• _EXERCISE DATA_:
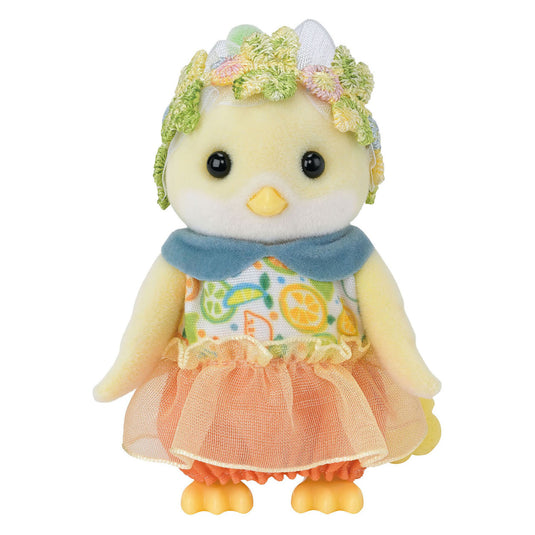 Sylvanian families 5860 familie citroenvogel- fluweelzachte speelfiguren voor in poppenhuis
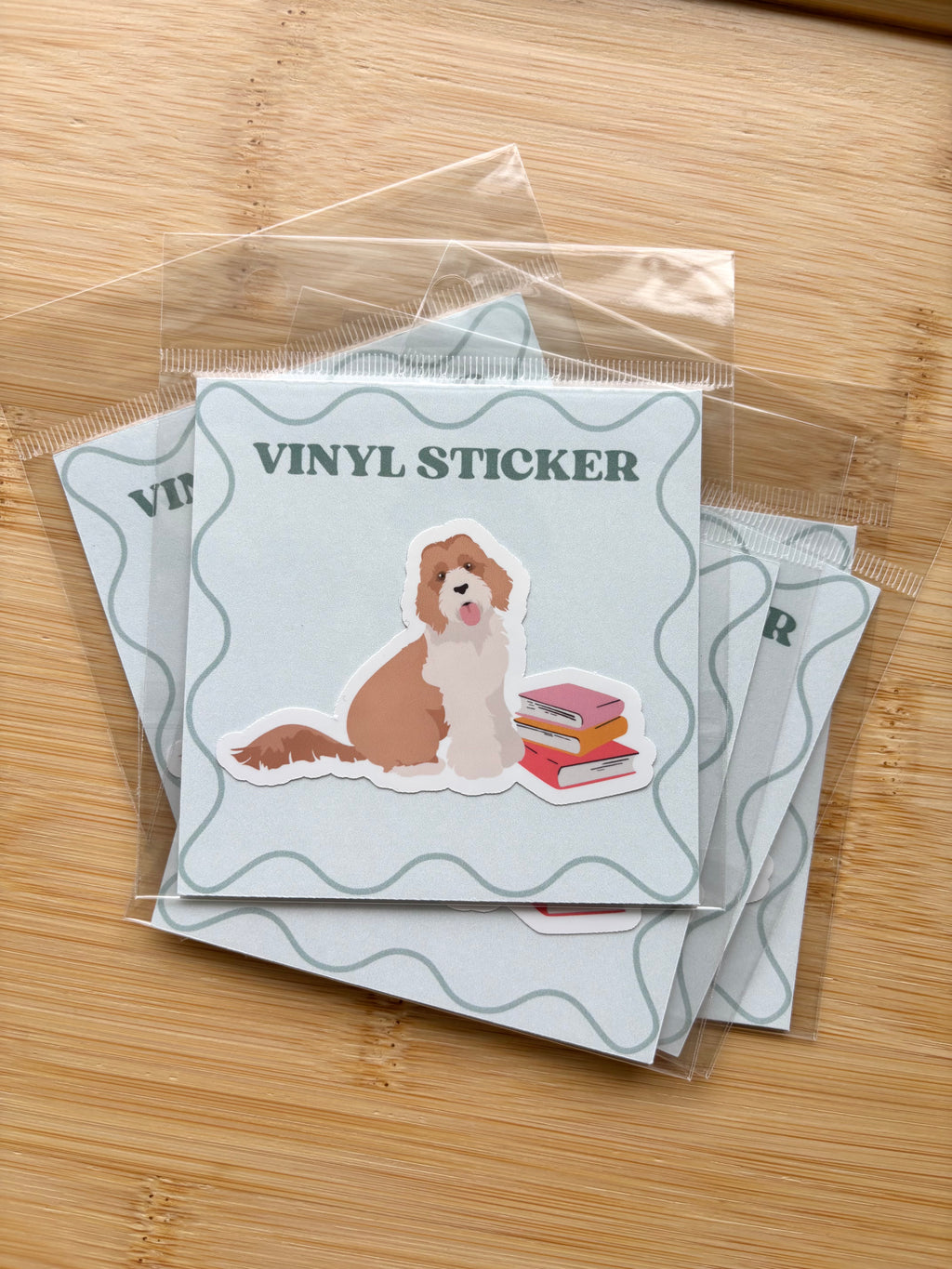 Dog on Books Sticker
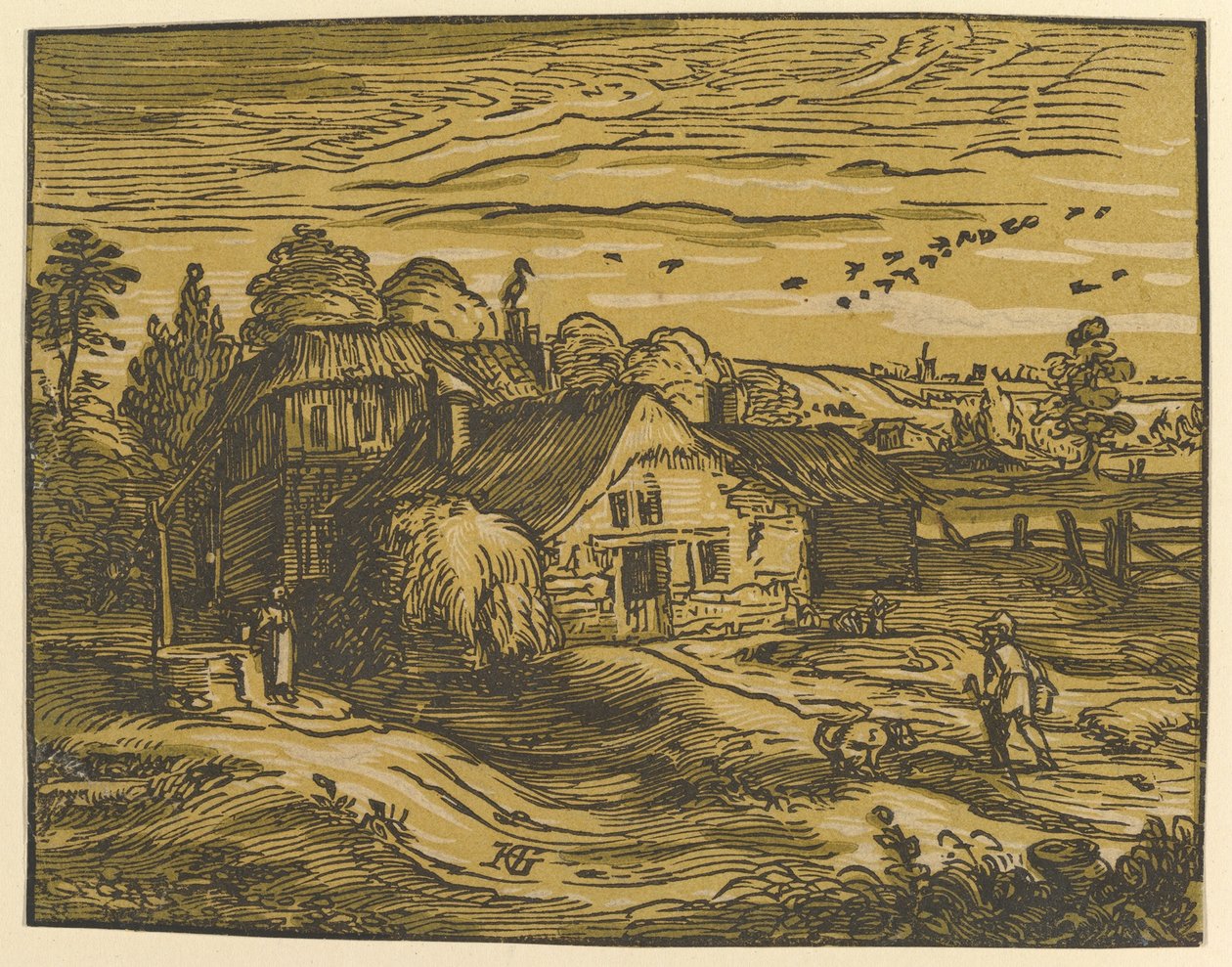 Krajobraz z chatą autorstwa Hendrick Goltzius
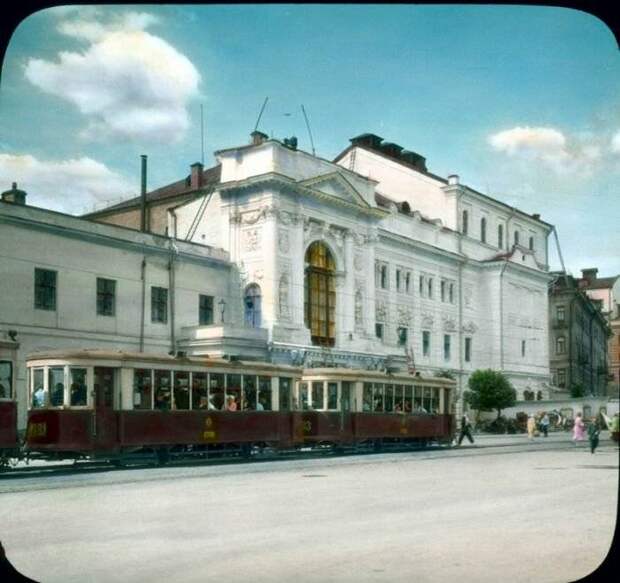 Редчайшие снимки Москвы 1931 года в цвете (77 фото)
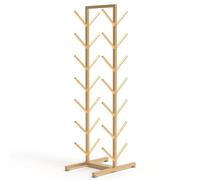 Genérico Estante de Almacenamiento para esterillas de Yoga, Soporte de Acero para esterillas de Ejercicio de 5/6/7 Capas, Organizador de Rodillos de Espuma, Estante de exhibición para Patin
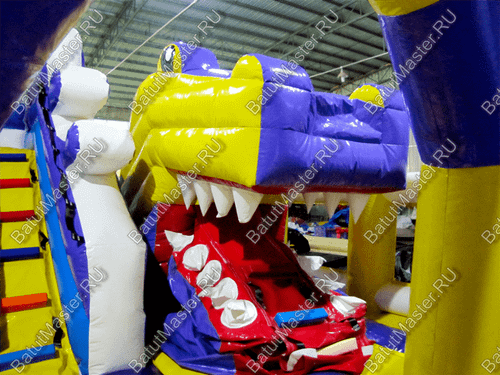 Надувной батут "Мульти-сафари-утка" 6*6*4 м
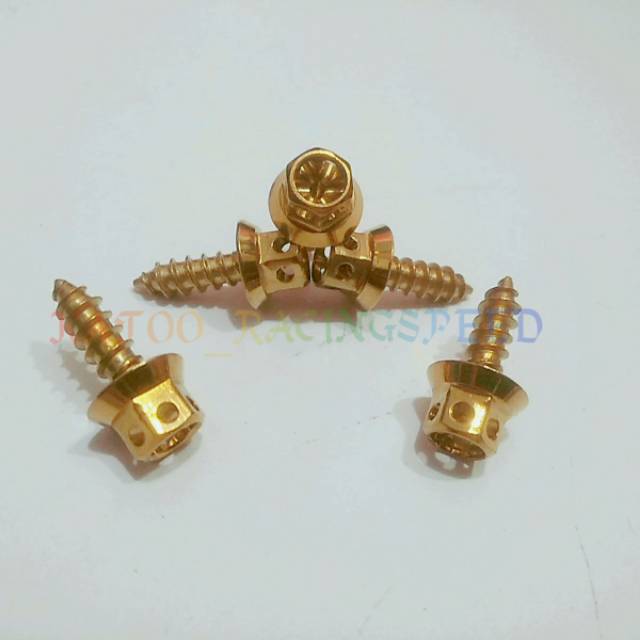 BAUT PROBOLT BODY YAMAHA FLOWER GOLD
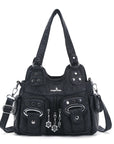 Purse With Silver Hardware 90s Style Crossbody Bag For Women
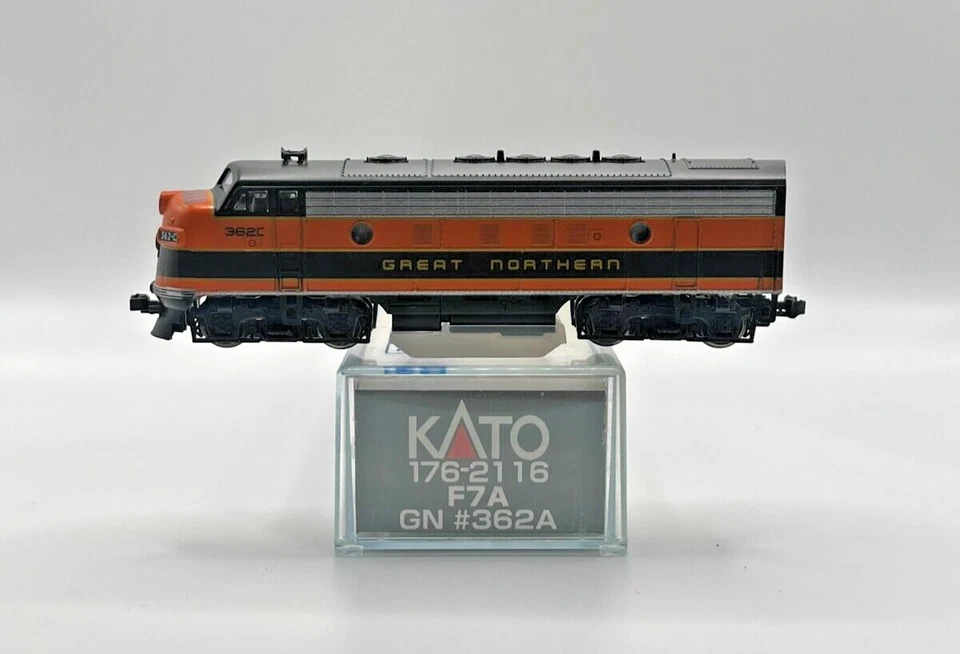 N Scale KATO 176-2116 F7A GN #362A "Great Northern" Locomotive Original Box (B) - Image 1 of 4
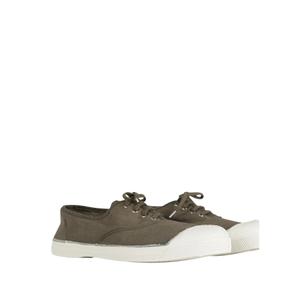 f15004-0612-dames-sportschoenen-bensimon-tennis-lacet-kaki-groen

• _ACTIVITY_:
Exactly the lines from the one with "BAUT PROBOLT BODY YAMAHA FLOWER GOLD" through the end of the records should be written out, and only those. Pictures do not belong in the copy.

• _WORKED SOLUTION_:
 BAUT PROBOLT BODY YAMAHA FLOWER GOLD
 Purse With Silver Hardware 90s Style Crossbody Bag For Women
 N Scale KATO 176-2116 F7A GN #362A "Great Northern" Locomotive Original Box (B) - Image 1 of 4
 f15004-0612-dames-sportschoenen-bensimon-tennis-lacet-kaki-groen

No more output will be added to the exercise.